TM: It’s a huge question but I really came to New York because I wanted to be involved in creative music and play lots of composers’ music and be involved in a lot of projects. And really use my versatility, that’s what I wanted to do. I wanted to be a saxophone player, and yeah, it just started happening. I played so many sessions when I was working a day job, I mean I wouldn’t practice you know. But I had done so much work before I got here in Arizona—practicing and that kind of work. So I just played sessions and got together with people. It still works the same way I think, bands started forming that way. And people started recording, people started doing little tours and you know, those bands started playing in better rooms and it just evolved that way and I was just always in the perspective of just trying to bring something very genuine to each situation and really be myself. And I just kept developing from that point and always making artistic decisions with what types of gigs to take and what to do because I was still being challenged, because I was still going to get my butt kicked.
CB: Yeah.
TM: Harmonically, rhythmically, all that, the process began streamlining me into this thing of being more of an improviser and really playing with a clean slate and not knowing what the presentation is going to be or not knowing how things are going to end. And staying in that process and yeah, just trying to find people who steer that in different ways and I react and make me react and be able to take different choices and you know, really staying in this process of creation from that perspective. And Tamarindo is kind of that, does that makes sense? Is that clear?

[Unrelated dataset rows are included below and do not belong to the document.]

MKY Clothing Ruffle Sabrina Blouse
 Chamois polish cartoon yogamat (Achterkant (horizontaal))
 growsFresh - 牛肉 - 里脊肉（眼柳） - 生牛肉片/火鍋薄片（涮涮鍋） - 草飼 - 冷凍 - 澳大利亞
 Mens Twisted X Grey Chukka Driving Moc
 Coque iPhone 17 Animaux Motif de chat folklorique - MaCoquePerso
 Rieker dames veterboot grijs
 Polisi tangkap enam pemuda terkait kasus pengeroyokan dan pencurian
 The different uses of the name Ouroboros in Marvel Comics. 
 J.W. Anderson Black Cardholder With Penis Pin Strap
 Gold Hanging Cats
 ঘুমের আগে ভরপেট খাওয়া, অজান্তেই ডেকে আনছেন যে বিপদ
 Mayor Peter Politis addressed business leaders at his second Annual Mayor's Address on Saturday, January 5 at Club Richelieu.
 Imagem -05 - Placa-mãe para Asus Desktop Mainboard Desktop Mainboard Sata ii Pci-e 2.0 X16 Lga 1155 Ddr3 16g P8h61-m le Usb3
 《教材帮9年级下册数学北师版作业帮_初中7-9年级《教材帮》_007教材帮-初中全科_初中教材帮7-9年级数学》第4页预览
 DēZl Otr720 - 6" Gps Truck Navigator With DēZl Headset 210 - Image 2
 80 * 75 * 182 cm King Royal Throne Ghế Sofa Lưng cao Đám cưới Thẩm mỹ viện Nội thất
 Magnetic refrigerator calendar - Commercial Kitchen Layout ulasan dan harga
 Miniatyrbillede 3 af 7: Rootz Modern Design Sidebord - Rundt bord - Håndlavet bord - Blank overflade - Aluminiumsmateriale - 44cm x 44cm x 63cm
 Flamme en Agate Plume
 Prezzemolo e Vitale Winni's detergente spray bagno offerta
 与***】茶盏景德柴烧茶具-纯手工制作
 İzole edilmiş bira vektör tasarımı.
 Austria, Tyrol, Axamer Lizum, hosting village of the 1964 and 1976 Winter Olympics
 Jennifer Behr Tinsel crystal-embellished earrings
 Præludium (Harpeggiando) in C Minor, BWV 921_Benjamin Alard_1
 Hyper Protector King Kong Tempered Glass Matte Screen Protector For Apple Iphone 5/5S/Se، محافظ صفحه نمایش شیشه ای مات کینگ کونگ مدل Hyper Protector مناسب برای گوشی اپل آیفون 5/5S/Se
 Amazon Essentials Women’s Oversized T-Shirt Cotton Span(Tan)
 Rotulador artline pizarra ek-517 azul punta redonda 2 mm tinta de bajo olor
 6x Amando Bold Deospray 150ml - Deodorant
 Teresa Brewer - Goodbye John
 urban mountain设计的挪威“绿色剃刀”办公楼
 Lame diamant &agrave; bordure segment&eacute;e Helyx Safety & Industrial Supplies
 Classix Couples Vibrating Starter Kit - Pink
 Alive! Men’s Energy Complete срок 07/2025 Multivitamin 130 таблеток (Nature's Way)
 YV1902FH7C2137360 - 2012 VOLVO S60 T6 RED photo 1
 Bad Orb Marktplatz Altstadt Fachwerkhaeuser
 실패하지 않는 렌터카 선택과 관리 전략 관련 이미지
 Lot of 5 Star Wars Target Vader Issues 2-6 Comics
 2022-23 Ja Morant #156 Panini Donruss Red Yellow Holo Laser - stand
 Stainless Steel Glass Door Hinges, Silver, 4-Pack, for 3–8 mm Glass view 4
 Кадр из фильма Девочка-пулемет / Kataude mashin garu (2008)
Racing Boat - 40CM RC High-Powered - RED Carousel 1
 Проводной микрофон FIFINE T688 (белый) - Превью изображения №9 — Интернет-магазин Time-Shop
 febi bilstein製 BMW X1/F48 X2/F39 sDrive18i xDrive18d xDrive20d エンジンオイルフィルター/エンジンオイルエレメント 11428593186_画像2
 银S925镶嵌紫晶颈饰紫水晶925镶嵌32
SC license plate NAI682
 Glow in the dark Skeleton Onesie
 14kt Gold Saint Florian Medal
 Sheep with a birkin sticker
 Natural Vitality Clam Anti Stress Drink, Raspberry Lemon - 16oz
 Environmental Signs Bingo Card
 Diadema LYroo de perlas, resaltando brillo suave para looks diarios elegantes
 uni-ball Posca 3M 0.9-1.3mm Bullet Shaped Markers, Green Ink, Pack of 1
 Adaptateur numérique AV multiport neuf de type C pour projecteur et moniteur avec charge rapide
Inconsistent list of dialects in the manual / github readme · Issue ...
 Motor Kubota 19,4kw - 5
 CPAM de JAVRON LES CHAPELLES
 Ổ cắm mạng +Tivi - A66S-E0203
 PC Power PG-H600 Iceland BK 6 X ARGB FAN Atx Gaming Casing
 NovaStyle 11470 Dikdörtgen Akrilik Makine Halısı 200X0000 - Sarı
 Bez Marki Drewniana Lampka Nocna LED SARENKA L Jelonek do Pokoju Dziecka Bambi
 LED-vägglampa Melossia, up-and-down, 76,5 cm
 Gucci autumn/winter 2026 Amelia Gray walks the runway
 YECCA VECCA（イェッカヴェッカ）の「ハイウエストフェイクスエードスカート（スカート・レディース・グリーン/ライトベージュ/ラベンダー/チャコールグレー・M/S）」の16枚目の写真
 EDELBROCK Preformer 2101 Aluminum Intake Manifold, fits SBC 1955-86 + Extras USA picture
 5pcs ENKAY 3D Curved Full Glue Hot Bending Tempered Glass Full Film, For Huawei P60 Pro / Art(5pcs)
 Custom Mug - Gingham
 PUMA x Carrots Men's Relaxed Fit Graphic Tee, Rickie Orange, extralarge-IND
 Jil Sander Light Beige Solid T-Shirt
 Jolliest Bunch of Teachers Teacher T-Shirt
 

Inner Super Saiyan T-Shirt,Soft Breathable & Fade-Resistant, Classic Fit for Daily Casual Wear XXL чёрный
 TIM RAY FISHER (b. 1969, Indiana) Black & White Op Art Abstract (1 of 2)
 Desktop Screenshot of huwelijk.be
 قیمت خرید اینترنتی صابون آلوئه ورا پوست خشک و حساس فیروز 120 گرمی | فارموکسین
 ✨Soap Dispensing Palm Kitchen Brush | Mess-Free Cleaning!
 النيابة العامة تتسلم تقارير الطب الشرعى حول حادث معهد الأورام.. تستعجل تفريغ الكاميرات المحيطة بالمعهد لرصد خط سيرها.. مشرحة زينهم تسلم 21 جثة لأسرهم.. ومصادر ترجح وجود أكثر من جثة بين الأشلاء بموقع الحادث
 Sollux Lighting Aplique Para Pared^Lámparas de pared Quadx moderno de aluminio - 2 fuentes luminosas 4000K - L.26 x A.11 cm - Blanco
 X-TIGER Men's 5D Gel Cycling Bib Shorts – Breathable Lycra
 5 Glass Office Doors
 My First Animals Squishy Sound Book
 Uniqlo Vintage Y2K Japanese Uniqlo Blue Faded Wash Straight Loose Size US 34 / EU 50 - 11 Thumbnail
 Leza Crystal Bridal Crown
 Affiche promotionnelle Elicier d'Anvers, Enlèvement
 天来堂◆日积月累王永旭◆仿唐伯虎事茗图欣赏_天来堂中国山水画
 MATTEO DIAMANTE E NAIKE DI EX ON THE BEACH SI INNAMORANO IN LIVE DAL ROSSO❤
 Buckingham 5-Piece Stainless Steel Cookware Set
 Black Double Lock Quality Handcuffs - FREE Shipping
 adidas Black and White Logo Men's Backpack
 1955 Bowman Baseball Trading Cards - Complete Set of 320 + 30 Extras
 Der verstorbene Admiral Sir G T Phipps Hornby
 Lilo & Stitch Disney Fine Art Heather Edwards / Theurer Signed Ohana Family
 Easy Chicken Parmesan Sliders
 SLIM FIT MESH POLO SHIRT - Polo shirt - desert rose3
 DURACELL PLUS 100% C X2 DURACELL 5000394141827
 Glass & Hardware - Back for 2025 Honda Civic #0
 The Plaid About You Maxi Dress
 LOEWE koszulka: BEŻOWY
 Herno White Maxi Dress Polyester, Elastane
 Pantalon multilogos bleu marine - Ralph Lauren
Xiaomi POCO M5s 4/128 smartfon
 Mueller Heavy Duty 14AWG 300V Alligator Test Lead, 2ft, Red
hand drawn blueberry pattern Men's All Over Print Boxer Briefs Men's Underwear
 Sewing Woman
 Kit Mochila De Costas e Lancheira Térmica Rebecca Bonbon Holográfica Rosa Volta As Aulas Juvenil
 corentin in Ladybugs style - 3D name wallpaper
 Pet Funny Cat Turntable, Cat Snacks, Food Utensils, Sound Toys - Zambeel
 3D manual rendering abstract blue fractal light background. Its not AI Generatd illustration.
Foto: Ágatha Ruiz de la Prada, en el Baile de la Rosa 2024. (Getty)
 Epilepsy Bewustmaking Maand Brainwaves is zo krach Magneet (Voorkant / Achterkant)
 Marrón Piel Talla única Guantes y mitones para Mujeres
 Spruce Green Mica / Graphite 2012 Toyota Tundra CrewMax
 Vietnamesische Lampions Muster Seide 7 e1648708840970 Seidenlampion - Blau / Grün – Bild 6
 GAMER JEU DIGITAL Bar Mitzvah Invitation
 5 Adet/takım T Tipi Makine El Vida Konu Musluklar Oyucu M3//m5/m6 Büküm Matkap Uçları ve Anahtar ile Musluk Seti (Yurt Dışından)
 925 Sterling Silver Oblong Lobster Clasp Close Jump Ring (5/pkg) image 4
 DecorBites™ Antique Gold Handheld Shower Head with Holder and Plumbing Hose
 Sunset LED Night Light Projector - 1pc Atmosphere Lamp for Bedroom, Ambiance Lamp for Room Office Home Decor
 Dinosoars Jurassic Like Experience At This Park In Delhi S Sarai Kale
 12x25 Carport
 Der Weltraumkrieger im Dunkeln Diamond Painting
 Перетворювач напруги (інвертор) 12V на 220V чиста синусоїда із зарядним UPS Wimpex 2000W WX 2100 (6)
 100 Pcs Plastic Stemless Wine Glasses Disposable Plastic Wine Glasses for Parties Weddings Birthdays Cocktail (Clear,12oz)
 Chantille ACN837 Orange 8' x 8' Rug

CB: You are talking about the development of a vocabulary and relationships and all that stuff that goes into making this kind of music.
TM: Yeah.
CB: It’s interesting. Well I would love to talk more, maybe more about this at some point, we can see if we have time. But would you like to talk about the genesis of Tamarindo?
TM: Yeah. I think I was on the road with Gerald Cleaver and he was just talking about William Parker and how he could hear us playing together, I should with William, and I had made a record with Mike Pride that William was on. It was just an improvisation.
CB: Which record?
TM: Two sets. It’s a Mike Pride record, I can’t remember the title of it.
CB: Was it one of the ones in his Scrambler series?
TM: Oh, yeah, I think that’s right. With Charlie Looker. And it was just two sets at the Old Office [in the Knitting Factory] and he recorded and he put it out. When Gerald brought it up, I was just like “Wow, that’s a great idea, I should do that.” And I had been playing with Nasheet [Waits], with Fred Hersch and with Open Loose when Tom Rainey couldn’t do it. Nasheet did a lot of gigs. And there was a poetry there, there was a thing that I really, I know there was also just a basic connection that we could do both gigs, we could play in those two kinds of worlds and I just wanted to improvise with it, completely play open and stuff, and so that’s how that came about.
CB: With William?
TM: With William.
CB: Yeah.
TM: And we started playing you know, we started playing in Dee Pop’s series. I don’t remember where the first gigs were, I don’t think it was at CBGB’s, it was a place after CBGB’s, it was like a bar, downstairs bar in the East Village somewhere. And Dee Pop was a guy who was a drummer who played in some punk bands. He’s got to be about my age. Do you know who Dee Pop is?
CB: No.
TM: Yeah. One of the first places I started playing a lot was a place called the Internet Café.
CB: Oh sure, right.
TM: Yeah, and he used to book that place and then that went south and he started booking series basically at CBGB’s. And then that went south and he ended up at a little place not far from CBGB’s. It was a Belgian beer place, and downstairs there was a little room and that’s where we played for the first time in front of an audience. And then we did other things through the Vision Fest people you know. We played at their, you know, some of their spaces and their series whatever was going on up there. And then Pedro from Clean Feed [Records] said, “Do you want to record that?”, and I said yeah, and then I decided to write for that session just from experiences I had playing with them. You know, different types of zones that I experienced with them you know, with William playing in this register doing this with a bow, Nasheet kind of in this kind of flow. You know, and I was playing in the upper register kind of wailing you know like a crying baby and just cataloging these things as they would happen when we would be improvising in these gigs. And then use these as a template for how to start a tune and then write a composition with these.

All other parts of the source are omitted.